1. What are the two types of angle modulation?
a) Amplitude Modulation (AM)
b) Frequency Modulation (FM)
c) Pulse Modulation (PM)
d) Phase Modulation (PM)
Explanation: Angle modulation refers to the modulation techniques that vary either the phase or frequency of a carrier wave to encode information. In this context, both frequency modulation (FM) and phase modulation (PM) are forms of angle modulation.
2. Which type of FM has a wider transmission bandwidth?
a) Narrowband FM
b) Wideband FM
c) Phase Modulation
d) Amplitude Modulation
Explanation: Wideband FM has a wider transmission bandwidth compared to narrowband FM. This is because wideband FM modulates the carrier frequency over a broader range, allowing for the transmission of a larger amount of information.
3. What is the primary method of generating FM?
a) Direct modulation
b) Indirect modulation
c) Phase modulation
d) Pulse modulation
Explanation: The primary method of generating FM is direct modulation, where the frequency of the carrier wave is directly varied in accordance with the modulating signal.
4. Which type of detector is commonly used for demodulating FM signals and is based on phase comparison?
a) Balanced detector
b) Phase shift detector
c) PLL detector
d) Discriminator detector
Explanation: PLL (Phase-Locked Loop) detector is commonly used for demodulating FM signals. It operates based on comparing the phase of the incoming FM signal with a voltage-controlled oscillator (VCO), adjusting the VCO frequency to match the phase of the input signal.
5. What is the purpose of pre-emphasis in FM transmission?
a) To increase the amplitude of the modulating signal
b) To decrease noise interference during transmission
c) To boost low-frequency components of the modulating signal
d) To improve receiver sensitivity
Explanation: Pre-emphasis in FM transmission is used to boost the amplitudes of higher frequency components of the modulating signal before modulation. This helps in reducing the effect of noise interference during transmission, particularly at higher frequencies.
6. Which component of an FM receiver is responsible for maintaining a constant output signal level despite variations in input signal strength?
a) AGC (Automatic Gain Control)
b) AVC (Automatic Volume Control)
c) AFC (Automatic Frequency Control)
d) Discriminator
Explanation: AGC (Automatic Gain Control) in an FM receiver is responsible for maintaining a constant output signal level despite variations in input signal strength. It adjusts the gain of the receiver’s amplifier stages to keep the output level consistent.
7. What does AFC in an FM receiver stand for?
a) Automatic Frequency Compensation
b) Automatic Frequency Control
c) Automatic Filtering Control
d) Automatic Feedback Control
Explanation: AFC stands for Automatic Frequency Control in an FM receiver.
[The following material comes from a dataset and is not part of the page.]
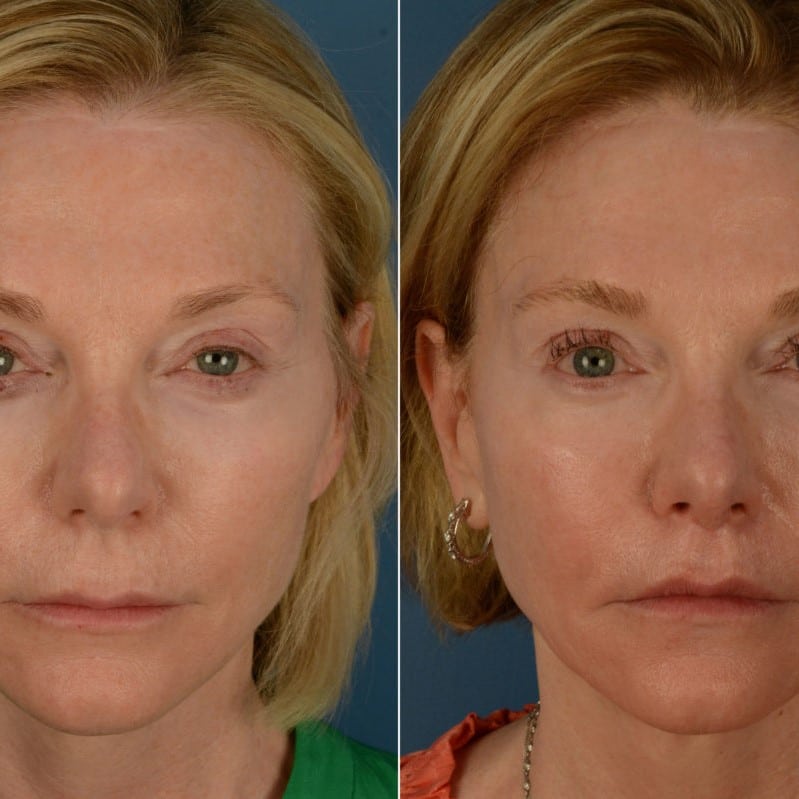 Lip Lift Before and After: Dramatic Results and Recovery Process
It is responsible for keeping the receiver tuned to the carrier frequency of the incoming signal, compensating for any frequency drift that may occur.
8. Which block in an FM receiver is responsible for converting the frequency variations into amplitude variations?
a) Mixer
b) Demodulator
c) Discriminator
d) Amplifier
Explanation: The discriminator block in an FM receiver is responsible for converting the frequency variations of the incoming signal into amplitude variations, which can then be demodulated to retrieve the original modulating signal.
9. What is the primary function of AVC (Automatic Volume Control) in an FM receiver?
a) To adjust the frequency response of the receiver
b) To control the output volume level
c) To synchronize the receiver with the transmitter frequency
d) To minimize distortion in the demodulated signal
Explanation: The primary function of AVC (Automatic Volume Control) in an FM receiver is to control the output volume level, ensuring that the audio output remains consistent even when the input signal strength varies.
10. Which type of FM modulation has a transmission bandwidth typically less than 15 kHz?
a) Narrowband FM
b) Wideband FM
c) Phase Modulation
d) Amplitude Modulation
Explanation: Narrowband FM has a transmission bandwidth typically less than 15 kHz. It is commonly used in applications where spectral efficiency is crucial, such as in two-way radio communication systems.